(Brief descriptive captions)
------------------------------------

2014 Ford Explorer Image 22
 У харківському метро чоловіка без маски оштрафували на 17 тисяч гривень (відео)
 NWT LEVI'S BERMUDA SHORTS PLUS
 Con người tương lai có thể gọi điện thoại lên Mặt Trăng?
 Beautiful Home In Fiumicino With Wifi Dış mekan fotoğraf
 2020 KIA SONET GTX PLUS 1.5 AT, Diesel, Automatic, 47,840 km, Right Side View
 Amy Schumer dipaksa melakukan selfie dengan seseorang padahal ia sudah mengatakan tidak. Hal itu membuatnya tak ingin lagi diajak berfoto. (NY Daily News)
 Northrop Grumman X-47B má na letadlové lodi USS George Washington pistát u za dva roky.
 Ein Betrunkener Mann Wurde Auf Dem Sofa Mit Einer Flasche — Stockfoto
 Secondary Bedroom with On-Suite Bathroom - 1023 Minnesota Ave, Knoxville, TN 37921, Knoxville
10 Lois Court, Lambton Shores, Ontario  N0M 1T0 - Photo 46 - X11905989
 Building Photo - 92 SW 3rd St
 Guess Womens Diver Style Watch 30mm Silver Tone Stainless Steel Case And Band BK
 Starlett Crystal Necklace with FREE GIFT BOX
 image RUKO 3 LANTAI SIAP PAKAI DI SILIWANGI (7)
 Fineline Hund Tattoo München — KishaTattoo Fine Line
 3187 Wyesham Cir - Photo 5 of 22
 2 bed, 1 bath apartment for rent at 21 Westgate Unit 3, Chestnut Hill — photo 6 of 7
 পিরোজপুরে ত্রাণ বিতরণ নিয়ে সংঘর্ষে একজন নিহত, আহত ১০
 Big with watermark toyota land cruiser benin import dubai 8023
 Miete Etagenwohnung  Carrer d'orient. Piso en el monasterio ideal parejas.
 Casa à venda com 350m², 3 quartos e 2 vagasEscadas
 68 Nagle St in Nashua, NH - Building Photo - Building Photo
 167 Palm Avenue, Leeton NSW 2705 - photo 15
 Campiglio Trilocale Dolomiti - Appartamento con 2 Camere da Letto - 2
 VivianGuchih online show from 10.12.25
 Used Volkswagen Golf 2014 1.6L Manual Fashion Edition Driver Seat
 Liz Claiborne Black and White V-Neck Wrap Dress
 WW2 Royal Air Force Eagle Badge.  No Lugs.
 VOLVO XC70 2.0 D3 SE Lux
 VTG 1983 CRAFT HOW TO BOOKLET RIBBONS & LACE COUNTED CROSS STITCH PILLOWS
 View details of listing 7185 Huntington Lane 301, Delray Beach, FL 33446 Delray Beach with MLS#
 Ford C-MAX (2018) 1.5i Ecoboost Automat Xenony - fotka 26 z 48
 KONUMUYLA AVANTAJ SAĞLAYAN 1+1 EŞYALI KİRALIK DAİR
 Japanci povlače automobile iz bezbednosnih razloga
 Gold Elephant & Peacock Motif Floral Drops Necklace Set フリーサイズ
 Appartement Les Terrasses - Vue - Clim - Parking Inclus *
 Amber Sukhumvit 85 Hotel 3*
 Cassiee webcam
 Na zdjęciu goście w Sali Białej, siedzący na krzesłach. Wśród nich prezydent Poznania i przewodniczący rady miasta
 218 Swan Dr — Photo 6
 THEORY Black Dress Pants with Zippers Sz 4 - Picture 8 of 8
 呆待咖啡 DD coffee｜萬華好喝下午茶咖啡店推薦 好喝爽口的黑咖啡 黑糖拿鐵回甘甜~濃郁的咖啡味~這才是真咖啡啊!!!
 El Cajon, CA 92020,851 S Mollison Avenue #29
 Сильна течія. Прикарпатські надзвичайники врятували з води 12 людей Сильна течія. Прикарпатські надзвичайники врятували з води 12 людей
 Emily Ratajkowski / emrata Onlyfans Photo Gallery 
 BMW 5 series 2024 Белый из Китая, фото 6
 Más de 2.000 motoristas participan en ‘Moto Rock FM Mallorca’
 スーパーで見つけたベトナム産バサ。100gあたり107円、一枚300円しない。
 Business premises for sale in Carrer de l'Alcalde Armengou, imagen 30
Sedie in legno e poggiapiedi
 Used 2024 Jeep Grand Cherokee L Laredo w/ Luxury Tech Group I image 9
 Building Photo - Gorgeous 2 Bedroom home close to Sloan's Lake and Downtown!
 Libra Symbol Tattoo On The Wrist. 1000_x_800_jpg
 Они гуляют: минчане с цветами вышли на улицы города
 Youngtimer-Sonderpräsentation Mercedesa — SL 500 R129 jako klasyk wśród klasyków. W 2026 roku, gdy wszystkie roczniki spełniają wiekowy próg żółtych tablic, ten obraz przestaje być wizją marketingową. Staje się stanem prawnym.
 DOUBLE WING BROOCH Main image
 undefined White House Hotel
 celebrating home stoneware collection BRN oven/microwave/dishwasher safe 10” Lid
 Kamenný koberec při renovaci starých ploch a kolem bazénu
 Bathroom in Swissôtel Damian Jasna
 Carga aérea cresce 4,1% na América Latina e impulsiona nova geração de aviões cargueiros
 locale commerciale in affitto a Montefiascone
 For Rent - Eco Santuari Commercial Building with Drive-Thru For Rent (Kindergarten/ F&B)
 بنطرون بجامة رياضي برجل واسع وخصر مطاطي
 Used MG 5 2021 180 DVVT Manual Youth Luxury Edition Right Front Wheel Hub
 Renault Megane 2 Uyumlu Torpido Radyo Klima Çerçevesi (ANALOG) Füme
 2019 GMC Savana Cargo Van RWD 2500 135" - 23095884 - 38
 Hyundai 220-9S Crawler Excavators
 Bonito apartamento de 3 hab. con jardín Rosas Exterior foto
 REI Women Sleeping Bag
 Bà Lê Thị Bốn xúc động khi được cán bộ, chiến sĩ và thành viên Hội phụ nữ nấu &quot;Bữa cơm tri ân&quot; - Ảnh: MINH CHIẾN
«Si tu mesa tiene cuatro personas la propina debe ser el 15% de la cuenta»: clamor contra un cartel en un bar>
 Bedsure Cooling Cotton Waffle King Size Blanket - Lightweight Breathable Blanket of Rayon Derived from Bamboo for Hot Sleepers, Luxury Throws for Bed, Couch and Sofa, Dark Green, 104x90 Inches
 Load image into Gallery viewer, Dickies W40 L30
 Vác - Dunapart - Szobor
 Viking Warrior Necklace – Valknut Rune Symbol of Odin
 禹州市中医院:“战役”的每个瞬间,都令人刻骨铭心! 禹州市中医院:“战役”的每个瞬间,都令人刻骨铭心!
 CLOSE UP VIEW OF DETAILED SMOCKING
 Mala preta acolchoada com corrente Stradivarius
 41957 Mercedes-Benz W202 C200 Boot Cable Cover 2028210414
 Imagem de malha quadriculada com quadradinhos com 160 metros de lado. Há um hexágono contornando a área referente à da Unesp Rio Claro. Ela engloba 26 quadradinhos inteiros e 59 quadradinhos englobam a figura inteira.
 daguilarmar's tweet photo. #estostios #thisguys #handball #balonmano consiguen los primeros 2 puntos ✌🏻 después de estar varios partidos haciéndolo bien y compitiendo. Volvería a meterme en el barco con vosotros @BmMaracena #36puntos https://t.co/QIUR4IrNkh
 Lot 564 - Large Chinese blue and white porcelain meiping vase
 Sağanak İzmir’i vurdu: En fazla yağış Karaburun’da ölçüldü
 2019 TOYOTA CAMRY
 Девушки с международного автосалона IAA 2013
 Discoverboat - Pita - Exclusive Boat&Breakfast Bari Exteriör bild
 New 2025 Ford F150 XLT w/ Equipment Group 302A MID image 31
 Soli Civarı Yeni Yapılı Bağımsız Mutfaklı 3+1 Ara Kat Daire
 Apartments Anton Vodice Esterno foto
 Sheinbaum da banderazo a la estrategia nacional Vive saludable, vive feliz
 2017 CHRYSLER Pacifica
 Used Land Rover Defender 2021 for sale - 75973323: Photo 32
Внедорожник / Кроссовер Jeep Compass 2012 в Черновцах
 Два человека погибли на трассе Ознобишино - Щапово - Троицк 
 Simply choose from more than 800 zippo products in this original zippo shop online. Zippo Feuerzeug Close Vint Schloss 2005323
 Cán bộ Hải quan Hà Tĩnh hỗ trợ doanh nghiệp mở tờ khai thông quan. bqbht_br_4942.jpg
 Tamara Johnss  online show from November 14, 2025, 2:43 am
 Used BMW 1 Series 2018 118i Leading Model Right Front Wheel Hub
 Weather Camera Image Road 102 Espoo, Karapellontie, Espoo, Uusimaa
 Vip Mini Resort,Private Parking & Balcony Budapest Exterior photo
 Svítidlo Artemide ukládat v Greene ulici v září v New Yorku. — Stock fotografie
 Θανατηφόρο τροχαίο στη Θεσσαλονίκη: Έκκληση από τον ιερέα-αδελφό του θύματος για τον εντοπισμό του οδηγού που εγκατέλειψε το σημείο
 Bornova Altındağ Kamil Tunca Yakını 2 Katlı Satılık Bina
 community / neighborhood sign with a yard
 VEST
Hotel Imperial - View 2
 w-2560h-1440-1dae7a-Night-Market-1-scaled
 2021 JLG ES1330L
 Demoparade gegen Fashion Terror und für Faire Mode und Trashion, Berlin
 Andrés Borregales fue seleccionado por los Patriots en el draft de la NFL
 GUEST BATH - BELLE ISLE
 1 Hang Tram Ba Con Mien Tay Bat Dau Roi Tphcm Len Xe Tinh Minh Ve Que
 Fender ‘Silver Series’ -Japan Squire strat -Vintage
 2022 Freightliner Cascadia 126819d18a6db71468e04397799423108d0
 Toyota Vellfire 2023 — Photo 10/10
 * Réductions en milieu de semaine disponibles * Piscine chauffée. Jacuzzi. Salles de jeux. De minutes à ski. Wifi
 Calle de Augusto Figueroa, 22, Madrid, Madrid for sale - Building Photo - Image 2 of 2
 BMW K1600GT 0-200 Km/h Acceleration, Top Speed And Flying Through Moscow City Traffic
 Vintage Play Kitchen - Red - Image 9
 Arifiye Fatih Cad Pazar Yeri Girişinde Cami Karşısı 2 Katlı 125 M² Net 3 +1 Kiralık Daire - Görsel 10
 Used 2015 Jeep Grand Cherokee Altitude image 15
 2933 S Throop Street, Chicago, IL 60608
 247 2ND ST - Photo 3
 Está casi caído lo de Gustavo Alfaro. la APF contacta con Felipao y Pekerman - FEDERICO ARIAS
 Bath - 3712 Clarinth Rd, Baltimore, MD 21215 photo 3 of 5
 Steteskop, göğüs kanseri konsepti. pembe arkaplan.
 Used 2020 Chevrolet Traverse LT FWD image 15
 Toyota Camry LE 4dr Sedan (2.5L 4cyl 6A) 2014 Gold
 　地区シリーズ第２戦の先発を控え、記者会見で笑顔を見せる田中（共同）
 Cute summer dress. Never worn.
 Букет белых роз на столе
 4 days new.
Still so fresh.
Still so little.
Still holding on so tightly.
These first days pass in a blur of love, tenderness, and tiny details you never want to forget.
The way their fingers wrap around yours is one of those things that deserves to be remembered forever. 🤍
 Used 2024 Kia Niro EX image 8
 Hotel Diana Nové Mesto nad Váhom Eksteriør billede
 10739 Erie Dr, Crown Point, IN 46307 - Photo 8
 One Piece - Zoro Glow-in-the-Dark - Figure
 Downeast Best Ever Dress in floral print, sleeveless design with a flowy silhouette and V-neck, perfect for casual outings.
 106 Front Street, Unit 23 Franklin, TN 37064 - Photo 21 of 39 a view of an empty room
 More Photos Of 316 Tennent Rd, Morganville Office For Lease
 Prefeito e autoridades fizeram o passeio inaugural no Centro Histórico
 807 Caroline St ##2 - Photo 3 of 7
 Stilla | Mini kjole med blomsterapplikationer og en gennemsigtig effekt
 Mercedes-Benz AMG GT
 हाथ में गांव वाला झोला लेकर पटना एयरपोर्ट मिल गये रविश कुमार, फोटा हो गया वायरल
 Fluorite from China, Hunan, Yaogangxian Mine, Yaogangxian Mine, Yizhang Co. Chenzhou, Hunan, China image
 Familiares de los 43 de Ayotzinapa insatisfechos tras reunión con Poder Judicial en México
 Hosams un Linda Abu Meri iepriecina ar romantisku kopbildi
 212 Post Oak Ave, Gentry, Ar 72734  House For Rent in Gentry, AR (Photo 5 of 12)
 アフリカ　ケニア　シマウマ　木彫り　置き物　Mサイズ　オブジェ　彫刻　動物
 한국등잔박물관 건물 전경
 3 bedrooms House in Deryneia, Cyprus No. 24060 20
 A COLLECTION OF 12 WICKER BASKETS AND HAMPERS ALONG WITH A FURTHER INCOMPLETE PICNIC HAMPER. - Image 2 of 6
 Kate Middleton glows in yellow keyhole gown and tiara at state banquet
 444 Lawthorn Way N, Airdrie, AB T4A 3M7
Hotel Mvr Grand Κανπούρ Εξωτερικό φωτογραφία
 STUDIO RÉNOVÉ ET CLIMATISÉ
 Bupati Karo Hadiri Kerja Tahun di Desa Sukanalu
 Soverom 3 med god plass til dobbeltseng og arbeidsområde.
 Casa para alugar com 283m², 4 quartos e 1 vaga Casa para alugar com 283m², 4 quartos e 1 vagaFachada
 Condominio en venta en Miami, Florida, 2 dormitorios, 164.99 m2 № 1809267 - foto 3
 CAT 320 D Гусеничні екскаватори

------------------------------------

**DESCRIPTION OF THE TASK**
Each line from the top of the records down to the one with "Liz Claiborne Black" must be retyped exactly; include both ends and nothing else.

**ANSWER TO THIS PROBLEM**
2014 Ford Explorer Image 22
 У харківському метро чоловіка без маски оштрафували на 17 тисяч гривень (відео)
 NWT LEVI'S BERMUDA SHORTS PLUS
 Con người tương lai có thể gọi điện thoại lên Mặt Trăng?
 Beautiful Home In Fiumicino With Wifi Dış mekan fotoğraf
 2020 KIA SONET GTX PLUS 1.5 AT, Diesel, Automatic, 47,840 km, Right Side View
 Amy Schumer dipaksa melakukan selfie dengan seseorang padahal ia sudah mengatakan tidak. Hal itu membuatnya tak ingin lagi diajak berfoto. (NY Daily News)
 Northrop Grumman X-47B má na letadlové lodi USS George Washington pistát u za dva roky.
 Ein Betrunkener Mann Wurde Auf Dem Sofa Mit Einer Flasche — Stockfoto
 Secondary Bedroom with On-Suite Bathroom - 1023 Minnesota Ave, Knoxville, TN 37921, Knoxville
10 Lois Court, Lambton Shores, Ontario  N0M 1T0 - Photo 46 - X11905989
 Building Photo - 92 SW 3rd St
 Guess Womens Diver Style Watch 30mm Silver Tone Stainless Steel Case And Band BK
 Starlett Crystal Necklace with FREE GIFT BOX
 image RUKO 3 LANTAI SIAP PAKAI DI SILIWANGI (7)
 Fineline Hund Tattoo München — KishaTattoo Fine Line
 3187 Wyesham Cir - Photo 5 of 22
 2 bed, 1 bath apartment for rent at 21 Westgate Unit 3, Chestnut Hill — photo 6 of 7
 পিরোজপুরে ত্রাণ বিতরণ নিয়ে সংঘর্ষে একজন নিহত, আহত ১০
 Big with watermark toyota land cruiser benin import dubai 8023
 Miete Etagenwohnung  Carrer d'orient. Piso en el monasterio ideal parejas.
 Casa à venda com 350m², 3 quartos e 2 vagasEscadas
 68 Nagle St in Nashua, NH - Building Photo - Building Photo
 167 Palm Avenue, Leeton NSW 2705 - photo 15
 Campiglio Trilocale Dolomiti - Appartamento con 2 Camere da Letto - 2
 VivianGuchih online show from 10.12.25
 Used Volkswagen Golf 2014 1.6L Manual Fashion Edition Driver Seat
 Liz Claiborne Black and White V-Neck Wrap Dress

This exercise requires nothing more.